In any event, graduation (version 2.004) was yesterday. See articles in the Eagle and the Boston Herald.

Author and historian David Halberstam told Williams College graduates to “not live fearfully” at yesterday’s 215th commencement.

Halberstam, a Pulitzer Prize-winning reporter, author and historian, told the 531 graduates they should not be afraid to take chances in their lives. He said it is OK to make mistakes and permissible to try something and fail.

I should find the full text of Halberstam’s speech before critiquing it too harshly, but this summary is hardly inspiring. I certainly voice similar sentiments to my team of second grade soccer players, but I would hope for more than that from a Williams commencement speaker.

The Eagle has more details.

He said that choosing the right line of work is the most important factor in future happiness.
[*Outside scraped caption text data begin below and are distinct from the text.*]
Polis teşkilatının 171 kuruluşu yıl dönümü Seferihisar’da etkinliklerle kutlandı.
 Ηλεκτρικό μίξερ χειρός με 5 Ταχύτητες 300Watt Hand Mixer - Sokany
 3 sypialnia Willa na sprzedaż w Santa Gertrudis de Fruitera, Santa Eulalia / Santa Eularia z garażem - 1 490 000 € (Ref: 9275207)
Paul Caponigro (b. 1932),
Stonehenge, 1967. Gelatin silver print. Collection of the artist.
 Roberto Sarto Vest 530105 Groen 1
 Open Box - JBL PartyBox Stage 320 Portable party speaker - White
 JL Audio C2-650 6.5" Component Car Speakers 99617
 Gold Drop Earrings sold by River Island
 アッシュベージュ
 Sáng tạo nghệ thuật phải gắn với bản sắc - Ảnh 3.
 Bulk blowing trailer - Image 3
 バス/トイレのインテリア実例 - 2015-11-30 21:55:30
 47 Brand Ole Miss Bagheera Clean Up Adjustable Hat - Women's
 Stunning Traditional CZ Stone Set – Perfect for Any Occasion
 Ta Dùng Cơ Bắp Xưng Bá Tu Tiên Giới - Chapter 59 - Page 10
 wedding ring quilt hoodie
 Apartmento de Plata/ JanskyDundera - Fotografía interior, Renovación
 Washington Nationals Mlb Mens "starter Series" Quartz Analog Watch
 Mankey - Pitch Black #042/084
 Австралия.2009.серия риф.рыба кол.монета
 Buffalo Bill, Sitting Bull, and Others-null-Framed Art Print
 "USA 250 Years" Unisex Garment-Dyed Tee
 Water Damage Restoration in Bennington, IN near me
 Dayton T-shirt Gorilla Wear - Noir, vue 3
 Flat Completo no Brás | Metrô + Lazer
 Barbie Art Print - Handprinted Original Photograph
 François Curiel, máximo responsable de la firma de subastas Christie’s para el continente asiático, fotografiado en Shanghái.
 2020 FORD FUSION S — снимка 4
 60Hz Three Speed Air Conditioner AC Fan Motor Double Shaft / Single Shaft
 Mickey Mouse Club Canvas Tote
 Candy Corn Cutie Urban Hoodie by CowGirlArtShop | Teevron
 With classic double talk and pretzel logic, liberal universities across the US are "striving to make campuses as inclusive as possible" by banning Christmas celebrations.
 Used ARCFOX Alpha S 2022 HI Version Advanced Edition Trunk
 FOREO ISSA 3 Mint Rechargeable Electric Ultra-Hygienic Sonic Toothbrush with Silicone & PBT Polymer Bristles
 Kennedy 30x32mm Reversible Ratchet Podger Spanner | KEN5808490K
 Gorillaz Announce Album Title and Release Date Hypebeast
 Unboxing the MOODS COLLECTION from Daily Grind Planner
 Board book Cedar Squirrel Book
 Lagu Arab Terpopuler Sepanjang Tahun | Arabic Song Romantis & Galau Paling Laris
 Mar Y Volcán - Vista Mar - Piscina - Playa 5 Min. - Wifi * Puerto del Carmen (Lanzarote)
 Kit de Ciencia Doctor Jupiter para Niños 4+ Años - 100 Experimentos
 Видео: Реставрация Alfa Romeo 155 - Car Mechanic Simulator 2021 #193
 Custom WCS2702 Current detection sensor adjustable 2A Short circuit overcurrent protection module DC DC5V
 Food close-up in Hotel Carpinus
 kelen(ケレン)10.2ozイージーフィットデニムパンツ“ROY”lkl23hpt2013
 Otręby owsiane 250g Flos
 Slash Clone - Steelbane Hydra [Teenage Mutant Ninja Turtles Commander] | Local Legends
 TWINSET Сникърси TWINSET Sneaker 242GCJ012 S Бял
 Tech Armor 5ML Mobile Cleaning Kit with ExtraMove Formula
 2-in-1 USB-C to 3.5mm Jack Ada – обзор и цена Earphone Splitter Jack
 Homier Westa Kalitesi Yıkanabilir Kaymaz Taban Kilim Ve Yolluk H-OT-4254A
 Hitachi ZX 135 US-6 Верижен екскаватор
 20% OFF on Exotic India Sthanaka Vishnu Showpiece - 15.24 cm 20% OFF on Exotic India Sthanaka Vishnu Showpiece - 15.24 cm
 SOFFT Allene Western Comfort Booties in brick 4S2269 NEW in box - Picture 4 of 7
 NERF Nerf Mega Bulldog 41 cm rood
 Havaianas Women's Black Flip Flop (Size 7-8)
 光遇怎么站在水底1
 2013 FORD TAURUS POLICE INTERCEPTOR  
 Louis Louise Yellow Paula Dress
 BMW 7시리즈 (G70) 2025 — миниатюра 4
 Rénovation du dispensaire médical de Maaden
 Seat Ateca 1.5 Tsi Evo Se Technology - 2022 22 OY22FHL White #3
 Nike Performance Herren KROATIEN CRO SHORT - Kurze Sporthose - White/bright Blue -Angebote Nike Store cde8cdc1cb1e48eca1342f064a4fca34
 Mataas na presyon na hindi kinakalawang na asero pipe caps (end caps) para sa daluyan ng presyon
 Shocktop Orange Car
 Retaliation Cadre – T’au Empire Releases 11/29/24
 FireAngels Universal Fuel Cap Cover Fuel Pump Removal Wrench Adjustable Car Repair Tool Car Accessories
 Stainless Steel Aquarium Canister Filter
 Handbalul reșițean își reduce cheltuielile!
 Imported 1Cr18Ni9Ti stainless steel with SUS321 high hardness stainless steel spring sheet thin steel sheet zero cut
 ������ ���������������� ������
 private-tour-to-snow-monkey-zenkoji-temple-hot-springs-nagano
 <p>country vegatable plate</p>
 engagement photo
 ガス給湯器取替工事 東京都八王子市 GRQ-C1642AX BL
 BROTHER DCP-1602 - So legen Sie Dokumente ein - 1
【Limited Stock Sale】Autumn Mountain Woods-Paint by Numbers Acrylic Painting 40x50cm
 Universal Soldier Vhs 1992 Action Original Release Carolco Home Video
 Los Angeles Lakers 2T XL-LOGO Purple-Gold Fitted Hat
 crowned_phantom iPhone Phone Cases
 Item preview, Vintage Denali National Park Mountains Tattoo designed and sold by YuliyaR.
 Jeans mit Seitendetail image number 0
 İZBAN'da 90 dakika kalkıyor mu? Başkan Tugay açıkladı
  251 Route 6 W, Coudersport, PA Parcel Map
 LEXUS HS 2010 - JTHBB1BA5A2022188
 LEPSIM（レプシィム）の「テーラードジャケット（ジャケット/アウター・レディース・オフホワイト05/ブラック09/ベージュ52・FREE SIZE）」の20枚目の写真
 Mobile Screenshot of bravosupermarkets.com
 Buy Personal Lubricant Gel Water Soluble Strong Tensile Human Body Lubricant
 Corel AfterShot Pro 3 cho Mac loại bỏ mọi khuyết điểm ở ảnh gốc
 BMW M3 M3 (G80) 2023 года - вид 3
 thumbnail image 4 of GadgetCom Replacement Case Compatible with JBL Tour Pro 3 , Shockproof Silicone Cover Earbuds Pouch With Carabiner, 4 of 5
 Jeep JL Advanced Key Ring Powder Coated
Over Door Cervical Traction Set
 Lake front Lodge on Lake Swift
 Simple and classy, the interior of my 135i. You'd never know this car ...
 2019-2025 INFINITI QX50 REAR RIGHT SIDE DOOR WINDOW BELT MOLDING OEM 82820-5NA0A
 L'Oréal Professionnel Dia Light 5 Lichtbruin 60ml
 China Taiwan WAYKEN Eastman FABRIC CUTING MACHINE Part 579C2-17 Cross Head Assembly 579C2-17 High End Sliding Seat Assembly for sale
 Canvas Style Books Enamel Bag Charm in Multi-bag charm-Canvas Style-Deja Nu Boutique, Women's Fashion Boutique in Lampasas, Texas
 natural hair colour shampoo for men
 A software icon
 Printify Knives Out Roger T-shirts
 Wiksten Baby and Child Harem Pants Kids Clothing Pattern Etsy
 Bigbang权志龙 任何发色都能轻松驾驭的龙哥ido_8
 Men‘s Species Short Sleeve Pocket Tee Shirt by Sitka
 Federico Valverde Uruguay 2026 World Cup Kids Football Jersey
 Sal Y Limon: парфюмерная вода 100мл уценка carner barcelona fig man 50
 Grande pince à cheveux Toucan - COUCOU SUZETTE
No, no, no. A thousand times No. The most important factor in your future happiness is your spouse and, if you are lucky, your family. I wonder if Halberstam’s wife Jean and daughter appreciate being less important to his happiness than his work?

I think much better is Barbara Bush’s line, perhaps used at a Williams event at some point, that no one regrets, on her deathbed, having spent too little time at work. Too many people regret spending too little time with their family.

Work is, of course, important. Too many Ephs in the class of 2004 will make some bad choices in this regard. (It is almost certainly the case that too many will go to law school, for example.) But Halberstam is surely wrong to think that, for most of us, work is more important than family. At least I hope that he is wrong.